What to do when staying busy isn’t working

Ryhal opened with a reality many women in real estate know well: the day often starts before it feels like it should, and the to-do list is already overflowing.

In an always-on industry, being busy all the time can start to feel normal — but being constantly in motion does not always equate to strategic business growth. One of the biggest shifts she encouraged attendees to make was this: move from reactive work to intentional systems.

Instead of trying to manage every task manually, leaders should identify which activities can be supported, streamlined or automated.

To begin shifting your mindset, she posed the following challenge:

  • Learn what your time is worth. Is it $25 per hour or $50 per hour?
    • For someone aiming to earn $100,000 annually, working roughly 2,000 hours per year, that comes out to about $50 per hour.
  • Then, determine what actually deserves your time and what should be delegated or automated.

When leaders understand the value of an hour, it becomes easier to make better decisions about where their energy goes, what they say yes to and which tools are worth paying for. Her point was simple: too many professionals hesitate over a modest monthly investment in technology, even when that technology could save them hours each week.

“If a tool gives you time back,” she suggested, “the return is already there.”

AI Is The tool — Your Voice is the brand

A common concern around AI is that it can feel impersonal or generic, but Ryhal pushed back on that idea. If AI-generated content does not sound like you, she said, it is often because you have not trained it to reflect your voice, style and tone.

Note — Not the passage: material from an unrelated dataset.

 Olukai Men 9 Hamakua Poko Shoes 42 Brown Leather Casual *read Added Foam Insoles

She pointed to one tool professionals can use to better understand their communication patterns: Grammarly. By consistently identifying tone, whether confident, informative, assertive or appreciative, leaders can use AI more intentionally without losing their authenticity.

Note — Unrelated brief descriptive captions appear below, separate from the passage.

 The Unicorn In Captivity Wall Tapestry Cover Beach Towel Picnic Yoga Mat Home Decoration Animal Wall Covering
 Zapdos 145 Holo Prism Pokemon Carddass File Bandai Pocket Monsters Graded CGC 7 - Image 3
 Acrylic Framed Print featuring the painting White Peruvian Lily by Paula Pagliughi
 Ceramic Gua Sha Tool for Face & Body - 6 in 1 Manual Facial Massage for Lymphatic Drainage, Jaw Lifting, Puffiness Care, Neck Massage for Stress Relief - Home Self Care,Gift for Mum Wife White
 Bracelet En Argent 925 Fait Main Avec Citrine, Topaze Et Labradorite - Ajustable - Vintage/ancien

That distinction matters, especially in real estate, where trust, follow-up and personal brand are central to success.

The takeaway? Don’t concede your voice. Build systems that strengthen it.

Leadership Requires Better Filters

Ryhal also connected AI adoption to a larger leadership lesson: knowing what to say yes to and what to decline.

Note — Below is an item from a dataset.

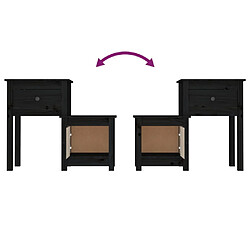 Decoshop26 lot de 2 tables de chevet - Noir pas cher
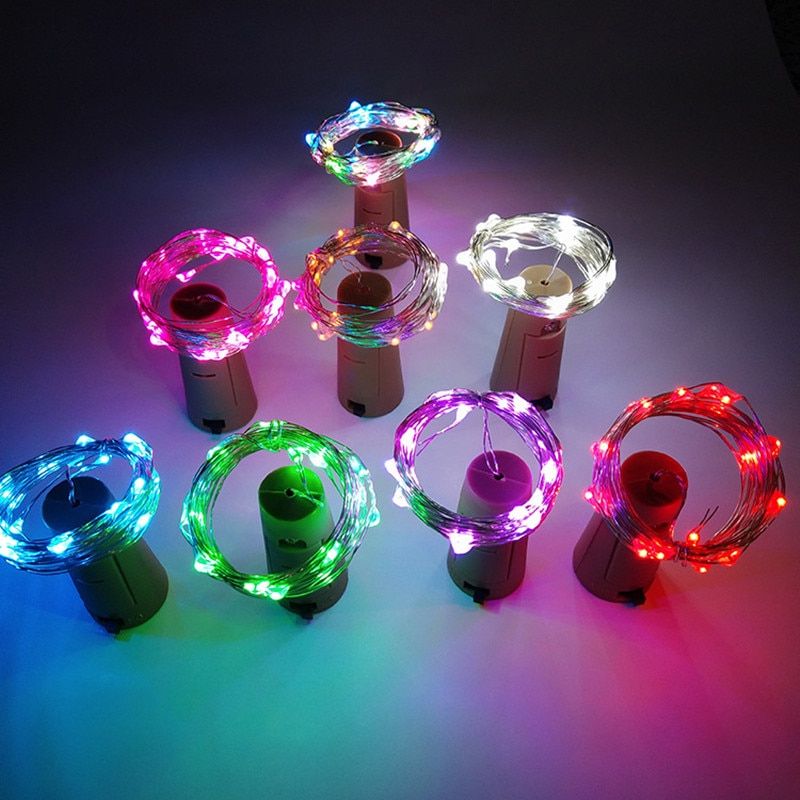 6Pcs 3Pcs/Lot Wine Bottle Lights With Cork DIY LED Lighting Strings Strip Light  For Gard Party Wedding Christmas Halloween--white--6 Pcs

She spoke candidly about the importance of strategic focus. Not every opportunity is the right opportunity. Not every request deserves immediate access to your time and attention. Technology can help create efficiency, but leaders still need clarity around priorities.

That includes understanding:

  • What supports your strategic plan?
  • What distracts from your goals?
  • What can be delegated, automated or declined entirely?

In that sense, AI is not just a tech story. It is a leadership story.

Are you ready to adapt?

Another one of Ryhal’s major points was urgency. Search behavior is changing. Content systems are changing. Client expectations are changing.

Automation is already reshaping the industry, and professionals who delay adapting risk losing time, margin and visibility.

Her recommendation was to experiment, stay curious and begin using tools that can support real business outcomes now, whether that means better follow-up, faster drafting, deeper research or stronger visibility. Leaders do not need to master every platform overnight, but they do need to start.

Those who benefit most from AI will not necessarily be the most technical. They will be the ones who learn how to apply it consistently and strategically.

Utilizing Tech To Get Your Time Back

Perhaps the most compelling idea in the session was that technology, when used well, should not just make work faster. It should make leadership more sustainable.

Used intentionally, AI can give professionals back time for higher-level thinking, stronger client service, personal priorities and the parts of life that too often get pushed aside. Ryhal revealed that the AI systems she has in place manage a portion of her workflow before she even signs on for the day, giving her more time to focus on health, wellness and other personal duties.

That is what made this session especially relevant for women leaders in real estate. The conversation was not about chasing trends. It was about building support systems that protect time, reduce friction and help leaders show up with more clarity and confidence. Because in a business that demands so much, the smartest systems are often the ones that help you lead without carrying everything alone.